The directive from the club is that he stepped down, but reviewing Desmond's criticism, line by line, one must question why he allow it to reach such a critical point?

If Rodgers is guilty of all of the things that Desmond is claiming he's responsible for, then it's fair to inquire why was the coach not dismissed?

He has charged him of spinning things in open forums that were inconsistent with the facts.

He says Rodgers' statements "have contributed to a hostile atmosphere around the team and fuelled hostility towards individuals of the management and the directors. A portion of the criticism aimed at them, and at their families, has been entirely unjustified and unacceptable."

Such an remarkable allegation, indeed. Lawyers might be preparing as we discuss.

'Rodgers' Aspirations Clashed with the Club's Model Again

Looking back to better times, they were tight, the two men. The manager praised Desmond at every turn, thanked him whenever possible. Brendan deferred to him and, truly, to no one other.

This was Desmond who took the criticism when his returned occurred, after the previous manager.

It was the most divisive appointment, the reappearance of the returning hero for some supporters or, as other supporters would have described it, the return of the unapologetic figure, who departed in the difficulty for another club.

Desmond had his back. Gradually, the manager employed the persuasion, delivered the wins and the trophies, and an fragile peace with the supporters became a love-in again.

There was always - always - going to be a moment when his goals clashed with the club's operational approach, however.

It happened in his first incarnation and it transpired again, with added intensity, over the last year. He publicly commented about the sluggish way Celtic conducted their player acquisitions, the endless waiting for targets to be landed, then not landed, as was frequently the situation as far as he was believed.

Repeatedly he spoke about the need for what he termed "flexibility" in the market. The fans concurred with him.

Even when the organization splurged record amounts of money in a calendar year on the £11m one signing, the costly another player and the £6m Auston Trusty - all of whom have performed well to date, with Idah since having left - Rodgers demanded more and more and, oftentimes, he expressed this in public.

He planted a controversy about a lack of cohesion within the club and then walked away.
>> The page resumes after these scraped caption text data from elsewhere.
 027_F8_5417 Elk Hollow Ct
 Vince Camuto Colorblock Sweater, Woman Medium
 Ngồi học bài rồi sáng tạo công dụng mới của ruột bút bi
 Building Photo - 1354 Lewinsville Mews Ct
When asked about his comments at his next media briefing he would usually minimize it and almost reverse what he stated.

Internal issues? Not at all, everybody is aligned, he'd claim. It appeared like he was engaging in a risky strategy.
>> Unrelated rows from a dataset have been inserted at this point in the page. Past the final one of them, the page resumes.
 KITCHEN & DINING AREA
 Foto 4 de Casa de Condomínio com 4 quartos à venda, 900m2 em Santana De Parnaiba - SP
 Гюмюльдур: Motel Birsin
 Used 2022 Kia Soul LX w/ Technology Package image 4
A few months back there was a report in a newspaper that allegedly came from a source associated with the club. It said that the manager was damaging Celtic with his open criticisms and that his true aim was orchestrating his exit strategy.

He didn't want to be there and he was engineering his exit, this was the tone of the story.

Supporters were enraged. They then viewed him as akin to a sacrificial figure who might be removed on his shield because his board members wouldn't back his plans to achieve success.

The leak was damaging, naturally, and it was intended to hurt him, which it did. He demanded for an inquiry and for the guilty person to be dismissed. Whether there was a examination then we heard no more about it.

At that point it was clear Rodgers was losing the backing of the people in charge.

The regular {gripes

Stacey Hines
Stacey Hines

A tech enthusiast and business strategist with over 10 years of experience in digital transformation and startup consulting.